SUPPLIED INFORMATION
☆ ☆ ☆

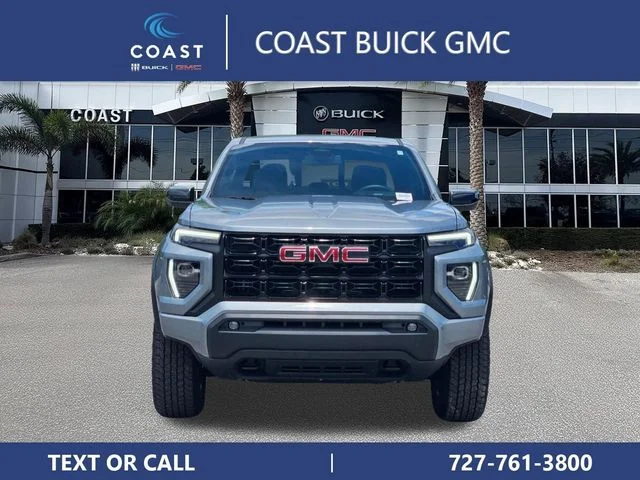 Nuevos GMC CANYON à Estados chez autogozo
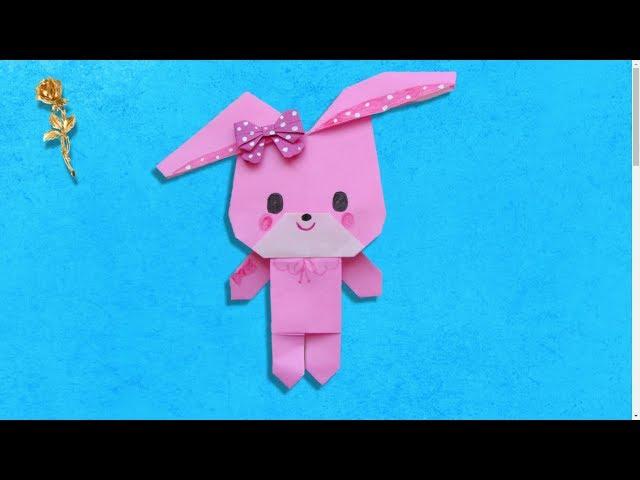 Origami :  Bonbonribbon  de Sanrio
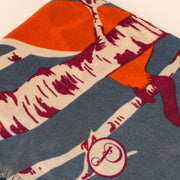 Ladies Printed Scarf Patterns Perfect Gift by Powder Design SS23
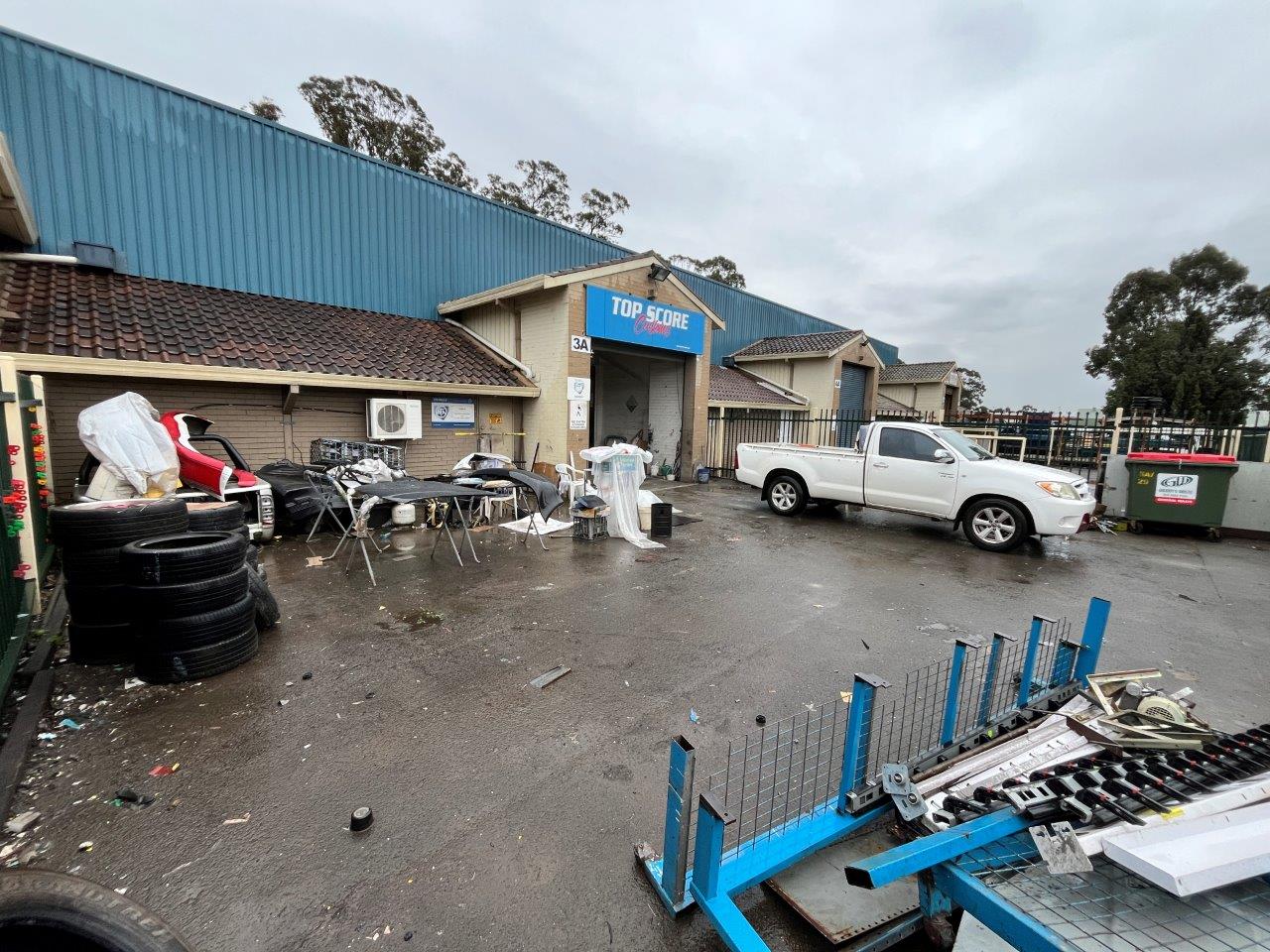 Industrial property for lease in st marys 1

☆ ☆ ☆

WORK TO COMPLETE
An exact reproduction of the material above is needed, without its pictures.

REPLY
 Nuevos GMC CANYON à Estados chez autogozo
 Origami :  Bonbonribbon  de Sanrio
 Ladies Printed Scarf Patterns Perfect Gift by Powder Design SS23
 Industrial property for lease in st marys 1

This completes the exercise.